Como refere o Papa Francisco, e bem recorda a CNJP, "o sangue dos nossos irmãos cristãos é um testemunho que grita". Cabe-nos não o deixar abafar. "Pouco importa que sejam católicos, ortodoxos, luteranos, coptas: são cristãos e o sangue é o mesmo, o sangue confessa Cristo".

Nada disto significa que nos desinteressemos das perseguições que sofrem outras religiões ou até pessoas sem religião. São sempre um atentado à dignidade humana. Mas é um facto que, hoje, os cristãos voltaram a ser o maior alvo da intolerância religiosa. Estranho recorde este, que parece evidenciar um retrocesso de séculos no direito à liberdade religiosa e se traduz na larga ultrapassagem do número de mártires cristãos alvo das violentas perseguições romanas pelos que já foram chacinados em virtude do seu testemunho de fé só nos últimos 15 anos.

É a esta situação que não podemos conformar-nos. Daí, a importância do apelo da CNJP a todas as pessoas de boa vontade e a todos os cristãos para que não ignorem os irmãos perseguidos e às autoridades políticas nacionais e internacionais para que "façam tudo o que está ao seu alcance, em ordem a pôr termo a esta situação". À comunicação social reserva-se um último apelo para que não remetamos à categoria de "não notícia" o registo dos repetidos massacres. Nada mais embrutecedor das consciências do que a indiferença que leva à banalização do mal.

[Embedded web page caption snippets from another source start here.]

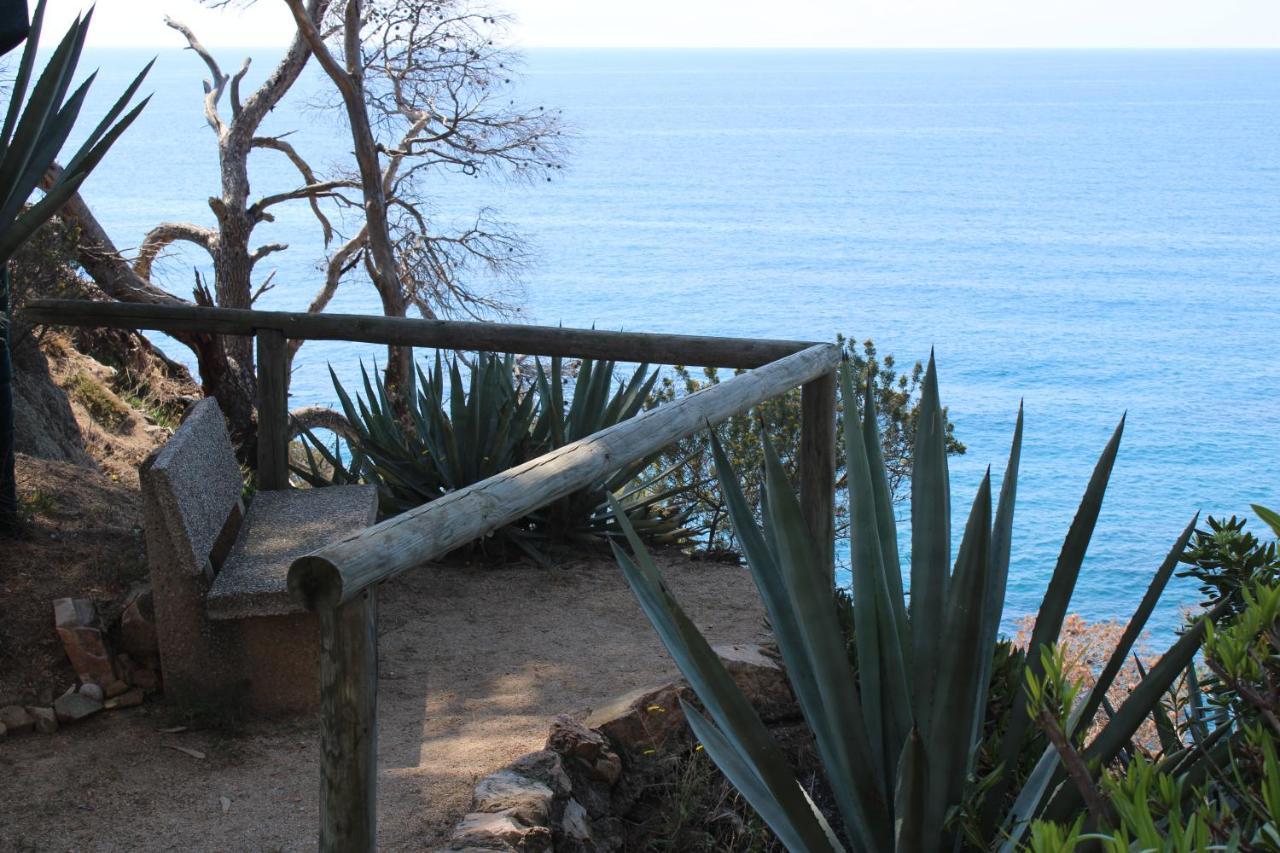 Apartamento A 100M De La Playa Tossa de Mar Bagian luar foto
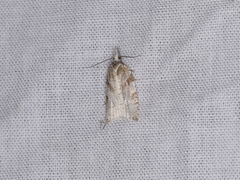 Sparganothis senecionana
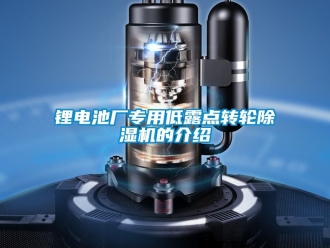 常見問題鋰電池廠專用低露點轉(zhuǎn)輪除濕機(jī)的介紹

O homem do século XXI continua a precisar de um sentido para a vida. E a religião constitui-se num importante reduto para a busca e encontro desse mesmo sentido. Algo que só pode acontecer num espaço de liberdade sem constrangimentos pessoais ou sociais. Nestes dias em que ainda nos perdemos no choque da notícia sobre um jovem piloto que terá aparentemente procurado a própria morte (arrastando consigo mais de uma centena de pessoas a bordo do avião que comandava), esta questão coloca-se ainda com maior actualidade em torno da pergunta sem resposta: porquê?

Também por isso vale a pena passar pelo Meeting: "Se a felicidade não existe, para que serve a vida?" É este o tema que estará em debate até domingo na tenda de Belém. E já sábado, pelas 21h30, na conferência sobre "A vida não é um prémio", três grandes premiados – Henrique Leitão (Prémio Pessoa 2015), Afonso Reias Cabral (Prémio Leya) e Elvira Fortunato (uma das cientistas mais laureadas em termos europeus) – darão certamente um triplo testemunho. Rigorosamente a não perder.